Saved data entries
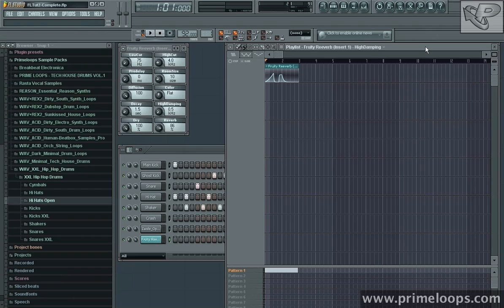So that concludes the basics on how to do FX automation in FL Studio. I'll see you next time for more music production tips and tricks. Stay creative.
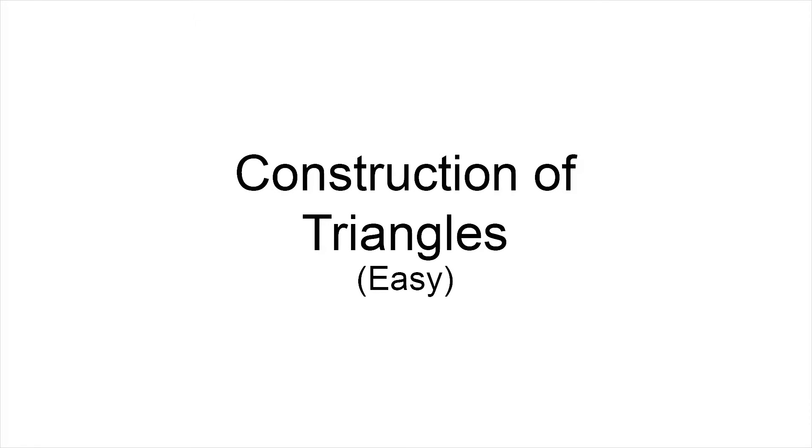Hello everyone. In this video, we will learn how to draw several triangles by construction. We will do this by looking at several examples of triangles that need to be drawn according to the given information. Let's start.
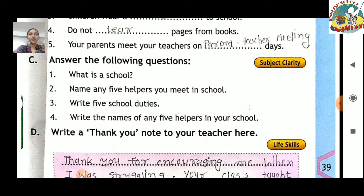Exercise C: answer the following questions. First question: what is school? School is a small or large building with many floors — school ek aisi jagah hai jo badi building bhi ho sakti hai ya chhoti building bhi ho sakti hai aur uske bahut saare floors hote hain. Second: name any five helpers you meet in school — school mein aap kin helpers se milte hain?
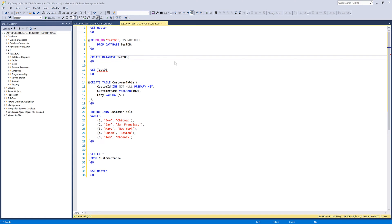Hey, how's it going guys? Welcome to another Microsoft tutorial video. My name is Jay. In this tutorial, we're going to learn how to back up your database for Microsoft SQL Server.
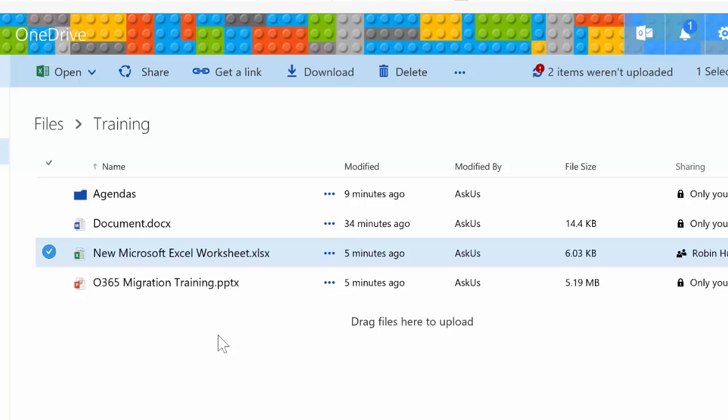So again, all Excel workbooks that you open in the online environment can be edited at the exact same time. You heard me right.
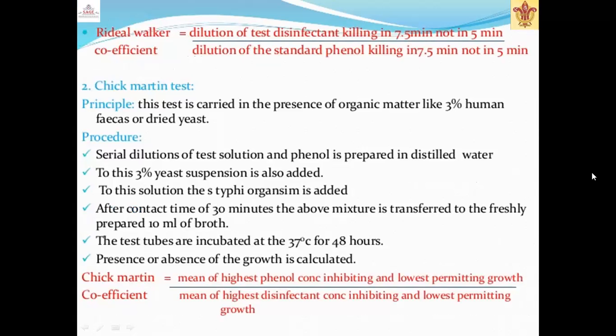The Rideal-Walker coefficient is calculated by the formula: dilution of test disinfectant killing in 7.5 minutes but not in 5 minutes, divided by the dilution of standard phenol killing in 7.5 minutes but not in 5 minutes. The second method is the Chick-Martin method.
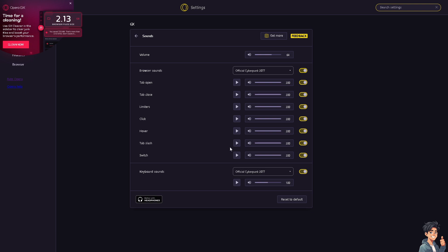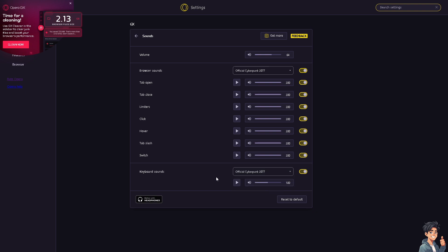At the bottom, the keyboard sounds, you can select the set number one, set number two, or official Cyberpunk 2077. And if you wanted to revert back to its original settings, just click on the reset default.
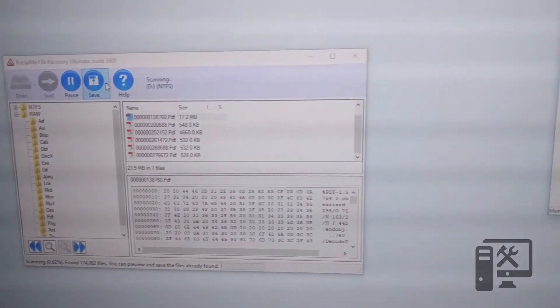Like I said, I've got GetDataBack. I don't like it anymore. It's just such a simpler process to use ReclaimMe. Highly suggest it.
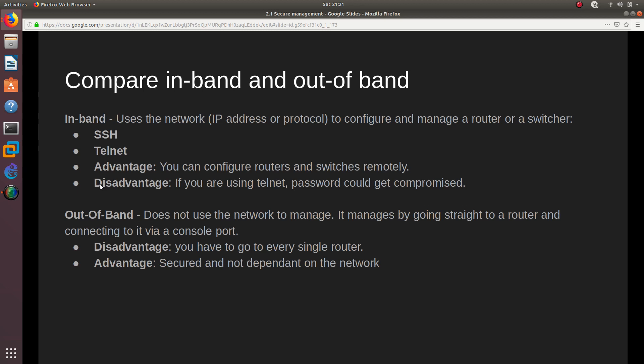When you use in-band, you are using SSH, Telnet, or an IP address to connect to the router or switch — you need to use the network or Ethernet to manage it. The advantage of in-band is that you can configure routers and switches remotely. The disadvantage is that if you are using Telnet, the password could get compromised.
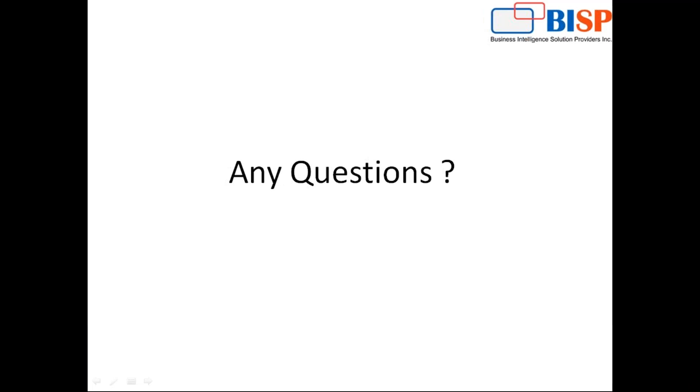So that's all in this video. If you have some queries, you can post your comments in the comment box. You can get the code from the given link along with this video. You can contact us for customized training on Salesforce. Thanks for watching, have a nice day, goodbye.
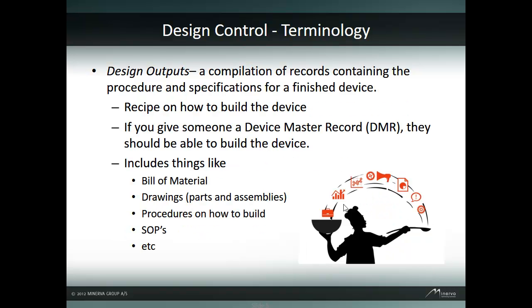Design output is a compilation of records containing the procedure and specification for the finished device. In other words, it's a recipe on how to build a device. This is also known as the device master record. If you gave someone the device master record, they should be able to build a device. The design output and DMR include things like bills of material, drawings of parts and assemblies, instructions on how to assemble and build a device, standard operating procedures, and much more.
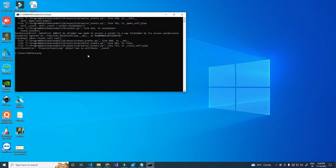To resolve this problem, install Jupyter Notebook by typing 'pip install notebook' and hit Enter.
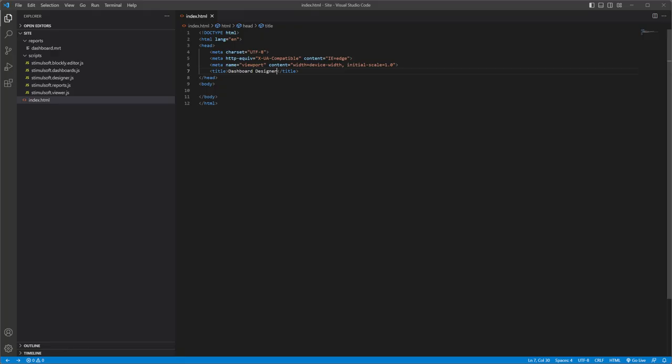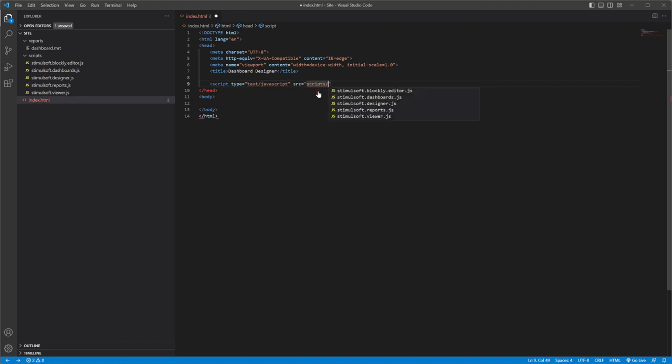Let's connect the Stimosoft scripts to the project. Add reports, viewer, designer, dashboards and blockly.js files.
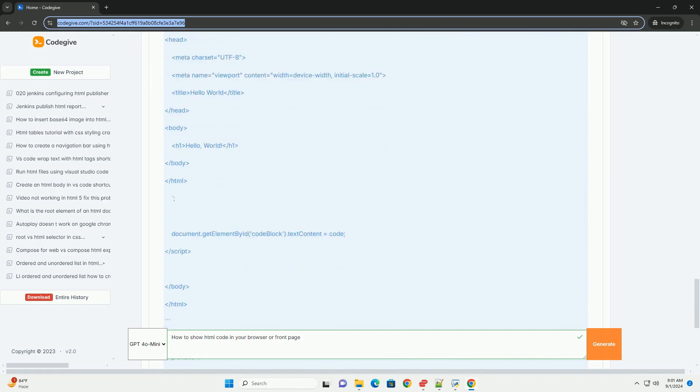Additionally, some content management systems or code sharing platforms offer features or plugins specifically designed to showcase code snippets.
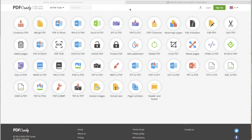Hey Bulldogs, Mrs. Smith here with your Tech Tip Tuesday. This is another tool to take your PDFs and make them editable. It is called pdfcandy.com, and you can convert your PDFs to just about anything with a click of a button. This one is super easy and my new go-to for converting your PDF files.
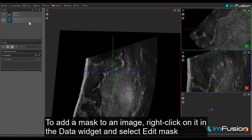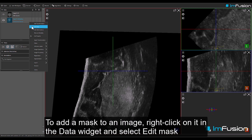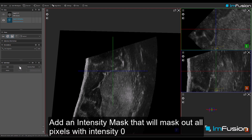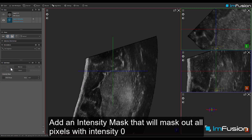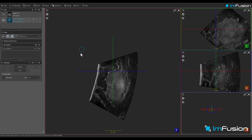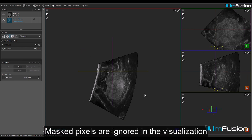To add a mask to an image, right-click on it in the data widget and select Edit Mask. Add an intensity mask that will mask out all pixels with intensity 0. Masked pixels are ignored in the visualisation.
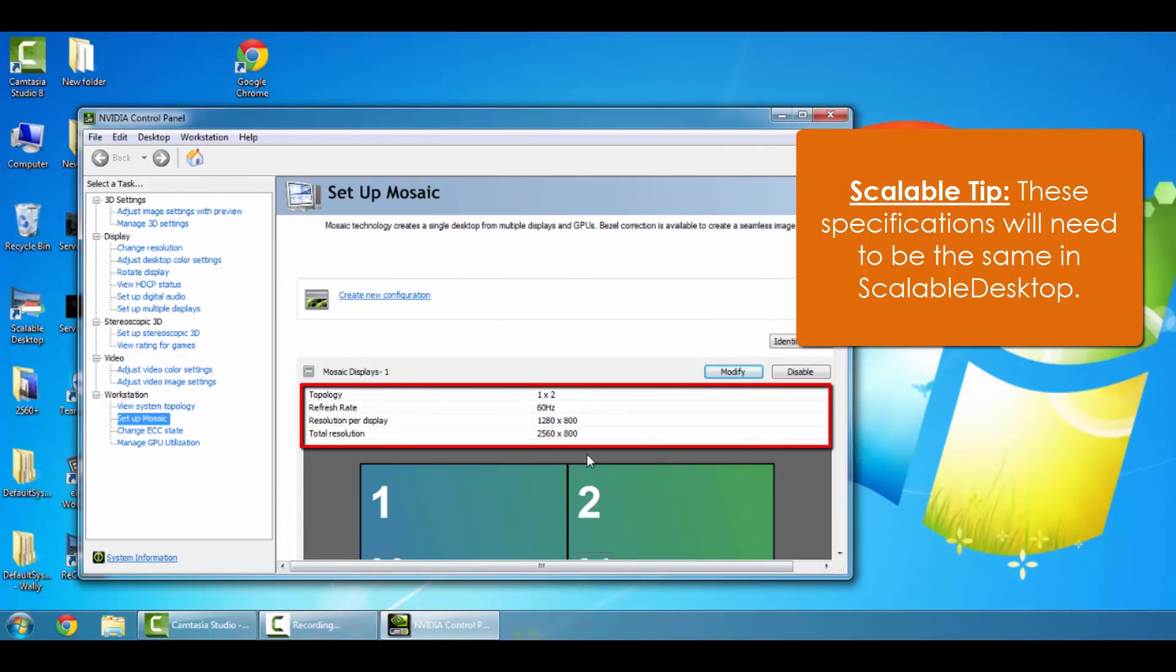Thanks for watching, and that's how you configure your NVIDIA Mosaic!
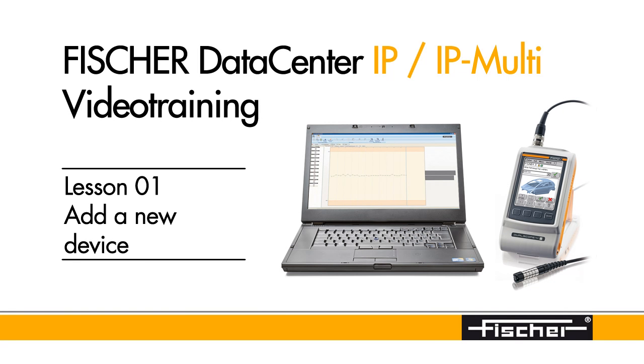Hello and welcome to the Fischer Data Center video training. My name is Philip Thome and I will be leading you through the lesson on Add a new device.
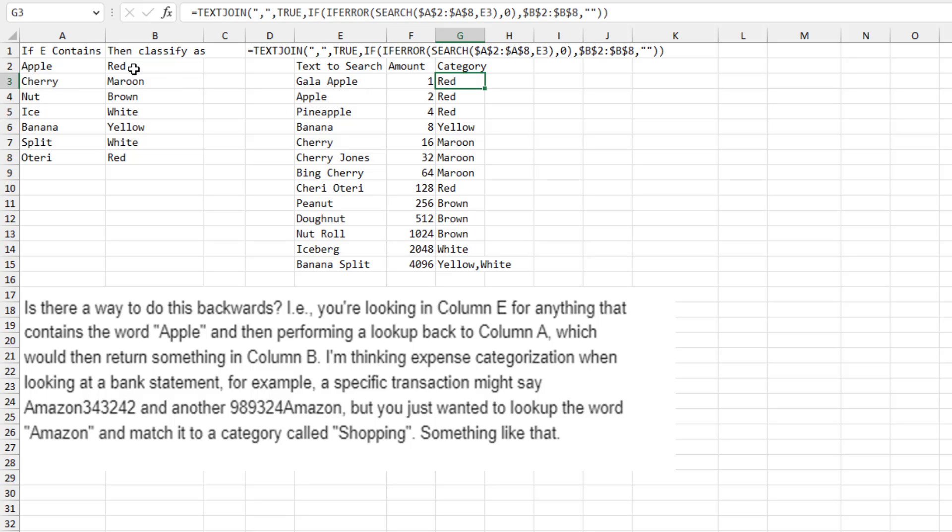It also works for apple and pineapple. Let's see, CHERRY is coming up as maroon for CHERRY. CHERRY JONES, Bing CHERRY, but not CHERRY OTERRY because it's spelled wrong. I had to add OTERRY as an extra item in the lookup table.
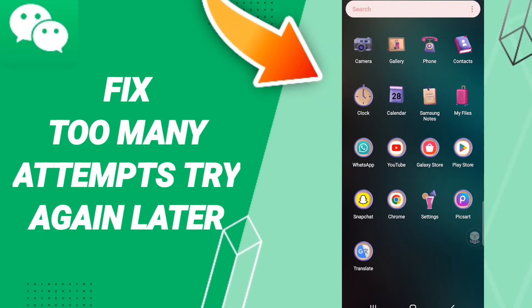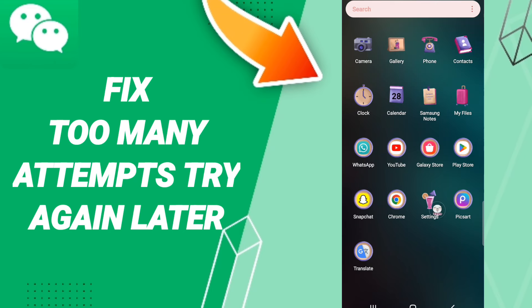Hi everyone, today we'll talk about how to fix or solve WeChat 'too many attempts, try again later' error. To know how to fix this issue, you should just go to settings.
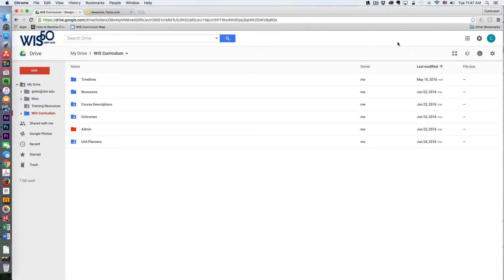Welcome back curriculum mappers. Last week I was granted early access to the new Google Sites, so I've begun migrating my curriculum map to the new Google Sites.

* What is being asked
Each entry should be transcribed exactly as given, with pictures omitted.

* Reply
So that concludes the basics on how to do FX automation in FL Studio. I'll see you next time for more music production tips and tricks. Stay creative.
Hello everyone. In this video, we will learn how to draw several triangles by construction. We will do this by looking at several examples of triangles that need to be drawn according to the given information. Let's start.
Exercise C: answer the following questions. First question: what is school? School is a small or large building with many floors — school ek aisi jagah hai jo badi building bhi ho sakti hai ya chhoti building bhi ho sakti hai aur uske bahut saare floors hote hain. Second: name any five helpers you meet in school — school mein aap kin helpers se milte hain?
Hey, how's it going guys? Welcome to another Microsoft tutorial video. My name is Jay. In this tutorial, we're going to learn how to back up your database for Microsoft SQL Server.
So again, all Excel workbooks that you open in the online environment can be edited at the exact same time. You heard me right.
The Rideal-Walker coefficient is calculated by the formula: dilution of test disinfectant killing in 7.5 minutes but not in 5 minutes, divided by the dilution of standard phenol killing in 7.5 minutes but not in 5 minutes. The second method is the Chick-Martin method.
At the bottom, the keyboard sounds, you can select the set number one, set number two, or official Cyberpunk 2077. And if you wanted to revert back to its original settings, just click on the reset default.
Like I said, I've got GetDataBack. I don't like it anymore. It's just such a simpler process to use ReclaimMe. Highly suggest it.
When you use in-band, you are using SSH, Telnet, or an IP address to connect to the router or switch — you need to use the network or Ethernet to manage it. The advantage of in-band is that you can configure routers and switches remotely. The disadvantage is that if you are using Telnet, the password could get compromised.
So that's all in this video. If you have some queries, you can post your comments in the comment box. You can get the code from the given link along with this video. You can contact us for customized training on Salesforce. Thanks for watching, have a nice day, goodbye.
Design output is a compilation of records containing the procedure and specification for the finished device. In other words, it's a recipe on how to build a device. This is also known as the device master record. If you gave someone the device master record, they should be able to build a device. The design output and DMR include things like bills of material, drawings of parts and assemblies, instructions on how to assemble and build a device, standard operating procedures, and much more.
To resolve this problem, install Jupyter Notebook by typing 'pip install notebook' and hit Enter.
Let's connect the Stimosoft scripts to the project. Add reports, viewer, designer, dashboards and blockly.js files.
Additionally, some content management systems or code sharing platforms offer features or plugins specifically designed to showcase code snippets.
Hey Bulldogs, Mrs. Smith here with your Tech Tip Tuesday. This is another tool to take your PDFs and make them editable. It is called pdfcandy.com, and you can convert your PDFs to just about anything with a click of a button. This one is super easy and my new go-to for converting your PDF files.
To add a mask to an image, right-click on it in the data widget and select Edit Mask. Add an intensity mask that will mask out all pixels with intensity 0. Masked pixels are ignored in the visualisation.
Thanks for watching, and that's how you configure your NVIDIA Mosaic!
Hello and welcome to the Fischer Data Center video training. My name is Philip Thome and I will be leading you through the lesson on Add a new device.
It also works for apple and pineapple. Let's see, CHERRY is coming up as maroon for CHERRY. CHERRY JONES, Bing CHERRY, but not CHERRY OTERRY because it's spelled wrong. I had to add OTERRY as an extra item in the lookup table.
Hi everyone, today we'll talk about how to fix or solve WeChat 'too many attempts, try again later' error. To know how to fix this issue, you should just go to settings.
Welcome back curriculum mappers. Last week I was granted early access to the new Google Sites, so I've begun migrating my curriculum map to the new Google Sites.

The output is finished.